Member of the Provincial Assembly of the Punjab
- In office 15 August 2018 – 14 January 2023
- Constituency: PP-71 Hafizabad-III

Personal details
- Born: Mian Muhammad Ahsan Jahangir Bhatti 15 November 1991 (age 34)
- Other political affiliations: PTI (2018-2023)
- Relations: Shahid Hussain Bhatti (uncle) Nighat Intisar Bhatti (aunt)

= Muhammad Ahsan Jahangir =

Pakistani politician

Mian Muhammad Ahsan Jahangir Bhatti is a Pakistani politician who had been a member of the Provincial Assembly of the Punjab from August 2018 till January 2023.
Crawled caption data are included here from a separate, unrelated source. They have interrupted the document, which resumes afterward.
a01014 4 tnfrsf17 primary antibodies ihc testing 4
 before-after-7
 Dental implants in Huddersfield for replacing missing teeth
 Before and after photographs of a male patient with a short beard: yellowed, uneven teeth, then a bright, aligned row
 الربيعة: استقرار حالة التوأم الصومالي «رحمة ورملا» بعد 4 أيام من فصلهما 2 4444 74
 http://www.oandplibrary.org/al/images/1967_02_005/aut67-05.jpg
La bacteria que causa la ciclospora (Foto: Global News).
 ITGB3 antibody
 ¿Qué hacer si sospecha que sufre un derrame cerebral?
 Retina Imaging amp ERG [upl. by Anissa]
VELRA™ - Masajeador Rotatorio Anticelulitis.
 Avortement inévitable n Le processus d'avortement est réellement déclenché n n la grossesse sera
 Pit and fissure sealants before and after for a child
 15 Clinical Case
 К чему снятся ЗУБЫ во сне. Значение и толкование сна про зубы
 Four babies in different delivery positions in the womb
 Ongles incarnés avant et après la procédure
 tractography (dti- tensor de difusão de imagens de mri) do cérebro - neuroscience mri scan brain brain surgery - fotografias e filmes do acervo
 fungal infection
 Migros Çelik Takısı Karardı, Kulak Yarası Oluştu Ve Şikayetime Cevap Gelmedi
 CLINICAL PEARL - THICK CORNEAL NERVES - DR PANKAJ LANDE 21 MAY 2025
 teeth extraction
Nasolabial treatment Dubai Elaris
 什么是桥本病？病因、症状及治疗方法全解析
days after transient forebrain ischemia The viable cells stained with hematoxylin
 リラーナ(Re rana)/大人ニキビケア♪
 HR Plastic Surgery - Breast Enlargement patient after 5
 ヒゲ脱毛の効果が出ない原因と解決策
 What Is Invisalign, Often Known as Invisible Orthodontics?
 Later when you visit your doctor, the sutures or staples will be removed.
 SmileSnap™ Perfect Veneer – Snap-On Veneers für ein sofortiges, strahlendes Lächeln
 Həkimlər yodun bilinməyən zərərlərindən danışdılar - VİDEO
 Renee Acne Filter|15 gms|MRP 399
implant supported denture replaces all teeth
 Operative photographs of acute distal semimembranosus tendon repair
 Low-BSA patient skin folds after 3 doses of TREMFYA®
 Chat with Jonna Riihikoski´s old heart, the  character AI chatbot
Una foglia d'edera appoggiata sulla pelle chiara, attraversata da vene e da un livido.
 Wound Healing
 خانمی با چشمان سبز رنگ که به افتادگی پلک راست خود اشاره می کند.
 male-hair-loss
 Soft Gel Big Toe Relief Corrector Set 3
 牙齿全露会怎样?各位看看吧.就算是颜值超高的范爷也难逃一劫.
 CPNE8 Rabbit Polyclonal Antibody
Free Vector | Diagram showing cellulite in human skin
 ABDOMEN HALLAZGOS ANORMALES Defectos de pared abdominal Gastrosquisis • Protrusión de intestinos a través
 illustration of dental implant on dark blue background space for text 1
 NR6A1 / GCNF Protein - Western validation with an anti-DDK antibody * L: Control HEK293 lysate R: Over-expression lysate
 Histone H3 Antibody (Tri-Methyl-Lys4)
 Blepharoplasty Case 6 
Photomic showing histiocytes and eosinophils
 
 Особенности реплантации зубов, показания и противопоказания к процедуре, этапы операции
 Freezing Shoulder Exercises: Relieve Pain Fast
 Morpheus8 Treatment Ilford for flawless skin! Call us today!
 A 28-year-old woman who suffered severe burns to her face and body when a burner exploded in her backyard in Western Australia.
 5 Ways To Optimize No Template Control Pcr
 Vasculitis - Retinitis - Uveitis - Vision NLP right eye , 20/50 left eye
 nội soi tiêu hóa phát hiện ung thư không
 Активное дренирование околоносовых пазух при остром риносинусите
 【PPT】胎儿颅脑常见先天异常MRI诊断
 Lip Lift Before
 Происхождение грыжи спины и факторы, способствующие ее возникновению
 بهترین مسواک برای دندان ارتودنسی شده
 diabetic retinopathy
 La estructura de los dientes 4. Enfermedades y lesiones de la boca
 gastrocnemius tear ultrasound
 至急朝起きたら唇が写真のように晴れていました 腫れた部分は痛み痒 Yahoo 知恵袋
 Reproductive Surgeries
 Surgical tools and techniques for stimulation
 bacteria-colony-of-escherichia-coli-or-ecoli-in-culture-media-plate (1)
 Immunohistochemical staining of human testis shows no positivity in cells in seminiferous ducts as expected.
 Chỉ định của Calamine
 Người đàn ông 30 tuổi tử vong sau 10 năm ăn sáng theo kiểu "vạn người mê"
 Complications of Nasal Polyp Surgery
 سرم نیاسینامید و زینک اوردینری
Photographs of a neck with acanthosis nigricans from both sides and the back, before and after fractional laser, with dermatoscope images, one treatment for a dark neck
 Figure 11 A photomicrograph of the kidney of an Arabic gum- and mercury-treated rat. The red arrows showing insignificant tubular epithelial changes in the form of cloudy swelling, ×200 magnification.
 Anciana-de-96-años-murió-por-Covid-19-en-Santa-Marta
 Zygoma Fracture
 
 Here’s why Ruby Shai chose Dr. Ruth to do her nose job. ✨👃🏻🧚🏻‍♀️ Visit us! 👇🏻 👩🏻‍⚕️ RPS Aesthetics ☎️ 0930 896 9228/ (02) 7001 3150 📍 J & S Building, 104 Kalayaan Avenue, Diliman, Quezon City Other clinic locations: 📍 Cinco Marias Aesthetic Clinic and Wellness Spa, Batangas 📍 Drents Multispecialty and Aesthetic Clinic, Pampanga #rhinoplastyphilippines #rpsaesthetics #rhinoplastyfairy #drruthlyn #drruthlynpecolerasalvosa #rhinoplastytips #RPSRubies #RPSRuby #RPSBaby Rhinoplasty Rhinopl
== Early life and education ==
Ahsan Jahangir was born on 15 November 1991 into a political family: His grandfather Mian Jahangir Khan Bhatti, his father Mian Ansar Abbas Bhatti, his uncle Mian Shahid Hussain Khan Bhatti, his uncle Intisar Hussain Bhatti and his aunt Nighat Intisar Bhatti have all been parliamentarians.

He did his A Levels in 2011 from The Institute of Legal Studies (TILS), Lahore.

==Political career==
He was elected to the Provincial Assembly of the Punjab as a candidate of Pakistan Tehreek-e-Insaf from Constituency PP-71 (Hafizabad-III) in the 2018 Pakistani general election.